Dróg dla początkującego trenera jest kilka. Dlaczego akurat taktyka i analiza wideo?
Powód jest dosyć prosty. Od zawsze interesowało mnie nie tylko to, „co” dzieje się na boisku, ale przede wszystkim „dlaczego”. Zacząłem zadawać sobie coraz więcej pytań w kontekście mechanizmów, jakie widziałem na treningach, czy w trakcie meczów. Odbiór wydarzeń w trakcie gry może być zaburzony przez różne czynniki zewnętrzne, a dzięki analizie wideo zyskiwałem po prostu czas na szczegółową analizę ze spokojną głową. Odrzucenie kwestii wyniku, a zamiast tego 100% koncentracja na sprawach, na które jako trenerzy mamy realny wpływ – na to w jakie narzędzia wyposażymy zawodników i jak dzięki temu będą w stanie rozwiązywać boiskowe problemy. Na placu gry wydarzenia nigdy nie są dziełem przypadku i właśnie takie podejście towarzyszyło mi od początku przygody z pracą trenera.
Zawsze interesowałem się kwestiami związanymi z procesem decyzyjnym zawodnika, co naturalnie powiązane było z analizą. W mojej opinii u podstawy każdego działania zawsze stać będzie taktyka pojmowana jako podstawowy aspekt decyzyjności. Teraz to oczywiście bardzo modny temat: drony, technologia, różne systemy, kamery i tak dalej. Ale kilkanaście lat temu było inaczej. Pamiętam, jak prowadziłem swoje pierwsze zespoły. Byłem nieco jak dziwak, który latał z kamerą po boisku.

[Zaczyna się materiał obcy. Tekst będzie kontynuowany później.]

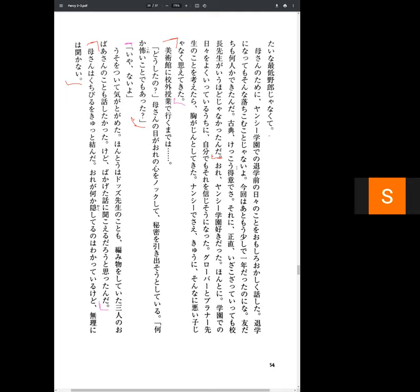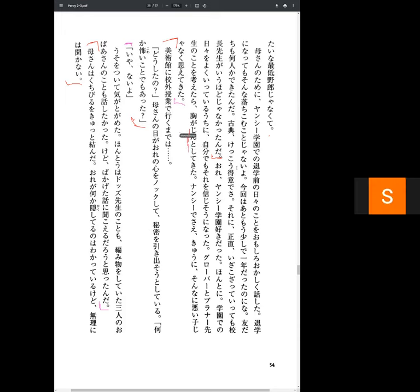So, he says, I liked Yanshi Academy. While I was going about my days, I came to believe that. When I think about Grover and Mr. Brunner, my heart throbs. It's like a sharp pain. I even came to think that Nancy wasn't a bad kid.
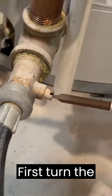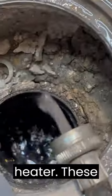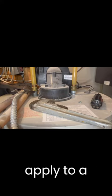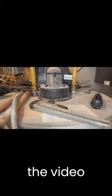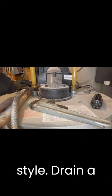Let's change a nipple style anode rod. First, turn the water off to the water heater. These same methods apply to a plug style anode rod too. We will talk more at the end of the video about the plug style.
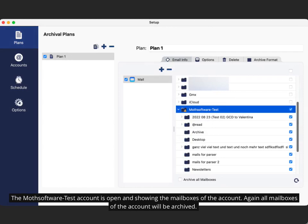The Muthsoftware-Test account is open and showing the mailboxes of the account. Again, all mailboxes of the account will be archived.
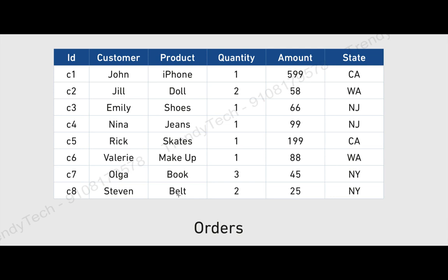One more thing: if someone asks whether a partition or a bucket is a good sample of your data — a bucket is a good sample, because a bucket has mixed data without any logic applied. A partition, say California's data, is not a good sample because it only contains data from one state. A good sample holds data from various parts, so a bucket is a good sample but a partition is not.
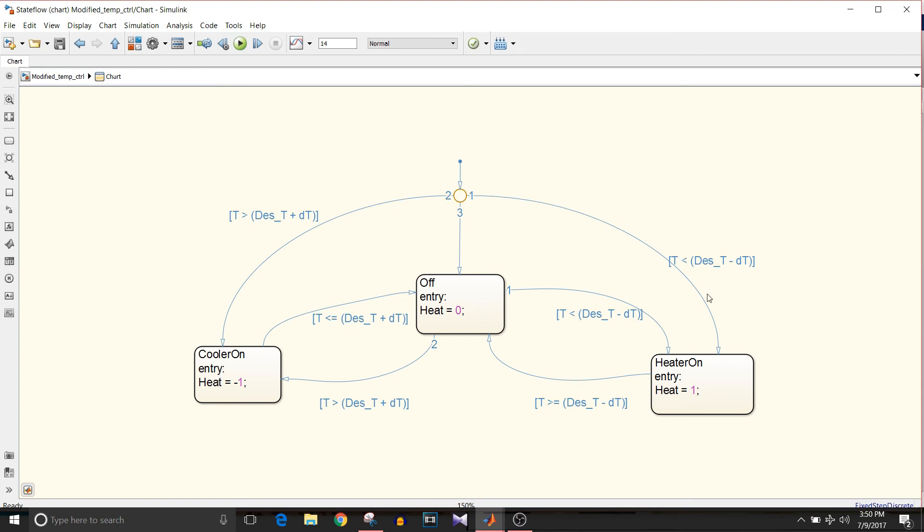If the first condition is satisfied, that is temperature is less than the desired temperature, the heater should be on. Then second, if the temperature is greater than the desired temperature, cooler should be on, and if any of these conditions is not present, it will go to the off state.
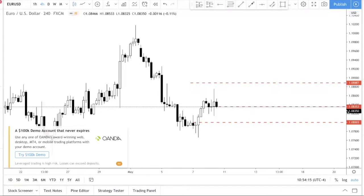Now let's talk about limit orders and stop orders. I classify these as pending orders. So you have two main categories: instant execution — market orders — and pending orders. Pending orders consist of both limit orders and stop orders. Let me go through each of these before I reveal whether you should be focusing on market orders or pending orders.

Prosiłem ludzi o pomoc, bo chciałem mieć zarejestrowany każdy mecz lub trening. To było dla mnie naturalne, bo czułem że to pozwala mi na wykonanie kroku do przodu. Rozwijałem zarówno świadomość swoją, jak i swojego zespołu, a nie byłoby to możliwe bez wykorzystania narzędzia analizy gry.
To podejście było wyszydzane? Dzisiaj to normalne, szczególnie w klubach profesjonalnych, ale niekoniecznie na niższych szczeblach.

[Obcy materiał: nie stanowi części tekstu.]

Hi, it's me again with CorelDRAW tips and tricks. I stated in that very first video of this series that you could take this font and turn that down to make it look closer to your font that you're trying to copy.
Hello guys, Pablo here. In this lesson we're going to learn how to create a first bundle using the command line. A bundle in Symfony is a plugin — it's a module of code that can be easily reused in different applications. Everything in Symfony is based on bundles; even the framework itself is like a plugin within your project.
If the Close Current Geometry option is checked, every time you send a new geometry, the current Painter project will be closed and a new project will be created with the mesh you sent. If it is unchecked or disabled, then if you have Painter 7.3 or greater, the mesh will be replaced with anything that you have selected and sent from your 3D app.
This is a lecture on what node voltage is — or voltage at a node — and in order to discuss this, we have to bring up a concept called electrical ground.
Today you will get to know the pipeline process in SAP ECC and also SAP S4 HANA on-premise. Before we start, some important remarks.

Może „wyszydzane” to za duże słowo, ale bywało różnie. Kiedy w danym środowisku pojawia się coś nowego, jedni mogą uznać to oznakę pasji i zaangażowania w pracę, a inni za „filozofowanie”, albo „wymyślanie piłki nożnej na nowo”. Podejrzewam, że takie głosy pojawiają się do dzisiaj nie tylko w odniesieniu do mojej osoby. Ale ja obrałem taką drogę, która rozwija mnie jako trenera. Im więcej pytań zadaję sam sobie, im więcej mam wątpliwości dotyczących gry, tym więcej w głowie pojawia się rozwiązań, co w perspektywie długofalowej uważam ze ogromną korzyść.

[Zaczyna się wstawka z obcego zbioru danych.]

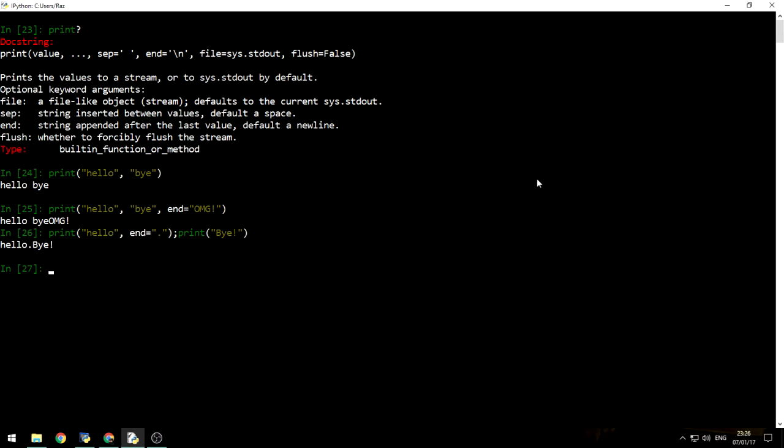Now let's talk about getting input from the user. Let's say I want to get a simple string. So all I need to do is write, let's say name equals input, and that's it. Now it waits for me to actually write something. So let's say my name is Goku. So name will be equal to Goku. That's really nice.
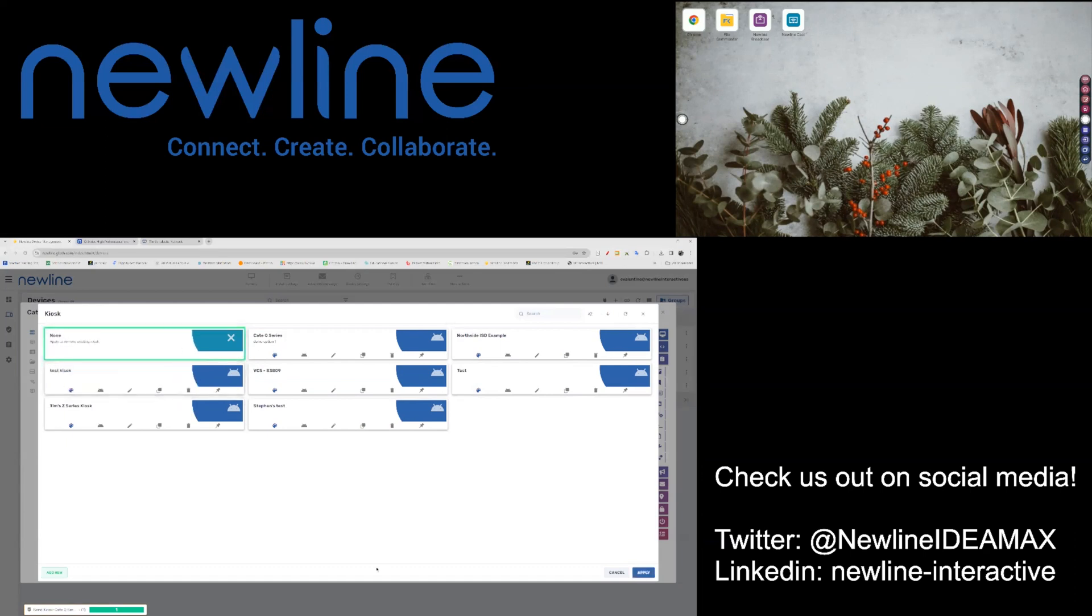Once we have selected None, hit Apply, and again, look to the upper right-hand corner of your screen, and you will see our Q-Series panel go back to its original settings.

Czasami zderzają się dwa obozy. Jeden uważa, że piłki nie da się ująć w sztywne ramy taktyki, bo najwięcej zależy od inwencji twórczej piłkarzy. Drudzy natomiast, że na taktyce można zbudować wielki sukces.
Ta słynna „inwencja twórcza piłkarzy” też jednak z czegoś wynika. Celem analitycznego spojrzenia na futbol jest wykreowanie u zawodnika stanu „bycia świadomym”. Analiza powinna być sposobem komunikacji z zawodnikiem, a nie tylko raportem albo opisem o tym co było dobre, a co złe. Moim zdaniem największe braki w polskiej piłce związane są z taktyką indywidualną zawodników. Taktyką rozumianą jako każde pojedyncze działanie z piłką oraz bez piłki. Często niedokładne podanie nie bierze się z tego, że ktoś ma braki techniczne. To wykłada się wcześniej, już w momencie podjęcia decyzji np. o kierunku prowadzenia akcji.
Warto zaznaczyć, że na poziomie grupowym czy zespołowym technika jako wyizolowany aspekt gry nie istnieje. Technika stanowi tylko narzędzie, które pozwala zawodnikowi na realizację jego taktycznej intencji. Uważam, że wiele ważniejszy od aspektu wykonawczego jest aspekt poznawczy i to różni piłkarza niezłego od tego bardzo dobrego.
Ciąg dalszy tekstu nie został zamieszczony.